La conception intégrée de la cabine vise à offrir un environnement opérationnel proche de celui des chasseurs de dernière génération. Ainsi, dès leur formation initiale, les pilotes sont familiarisés avec une interface cockpit moderne, ce qui facilite leur transition vers des avions de combat avancés.

Le PC-21 répond non seulement aux besoins de la formation basique et avancée des pilotes militaires, mais propose également un entraînement amélioré couvrant la planification de missions, la navigation tactique, la gestion des systèmes de mission, les opérations civiles de vol, la guerre électronique et les opérations air-air ou air-sol, y compris la formation au radar et à l’usage d’armes simulées.

La flexibilité est un autre atout important : l’avionique du PC-21 peut être adaptée aux différentes phases de formation. Plus encore, les cockpits avant et arrière peuvent fonctionner de manière indépendante ou offrir à l’instructeur un accès à des modes de formation et données non accessibles à l’élève.

Le but d’un système de formation aéronautique moderne est de produire des pilotes capables de maîtriser les exigences complexes des aéronefs contemporains, tout en limitant les coûts matériels, de ressources et de temps.

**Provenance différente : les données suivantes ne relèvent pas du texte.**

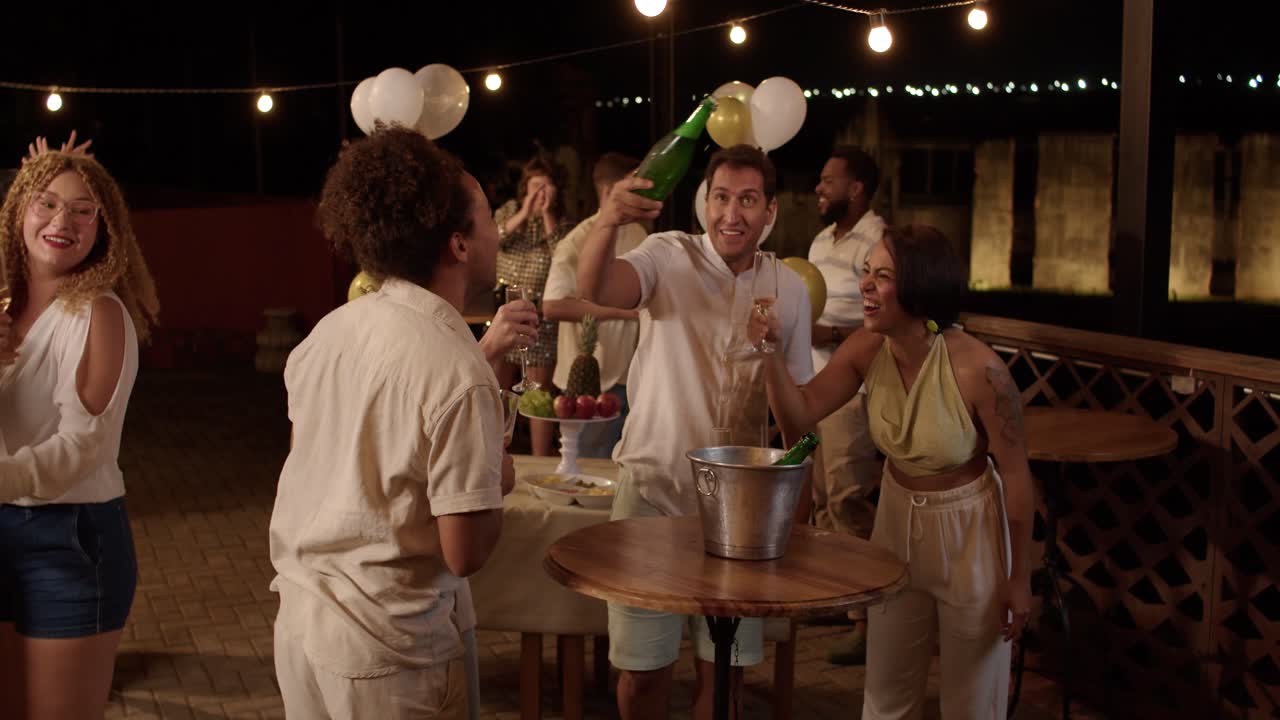 Friends Enjoying a Lively Celebration and Toasting with Champagne at an Outdoor Night Party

La préparation au sol joue aussi un rôle fondamental. Elle permet d’économiser efforts et erreurs en vol en assurant que les stagiaires connaissent parfaitement à l’avance tous les systèmes avioniques. Le système d’entraînement au sol du PC-21 transpose les apprentissages en contexte aérien pour une meilleure assimilation.

Du point de vue de l’équipement, le PC-21 est doté d’un dispositif HUD (head-up display) ainsi que d’un panneau de contrôle frontal supérieur (UPFC), associés à trois larges écrans LCD à matrice active dernière génération. Deux sont multifonctions, tandis que le troisième est dédié à la navigation tactique. Deux autres écrans plus petits affichent les paramètres moteur et les données de vol. L’ensemble est compatible avec l’usage de lunettes de vision nocturne.

Au cœur du système, un processeur nouvelle génération offre une puissante capacité de calcul, avec accès à des mises à jour régulières. L’avion embarque également un GPS et un système de navigation laser complets.

Le système de planification de missions (MPS) intégré permet de préparer les missions au sol et de les charger directement dans la cabine par modules. Ce système est synchronisé avec le simulateur, permettant la reproduction ou l’importation directe des missions, tandis qu’une carte mémoire enregistre tous les paramètres de vol.

Utilisateurs actuels : Suisse, Singapour, Australie, France, Espagne, Émirats arabes unis, Arabie saoudite, Jordanie, Empire Test Pilots’ School (Royaume-Uni) et prochainement Canada.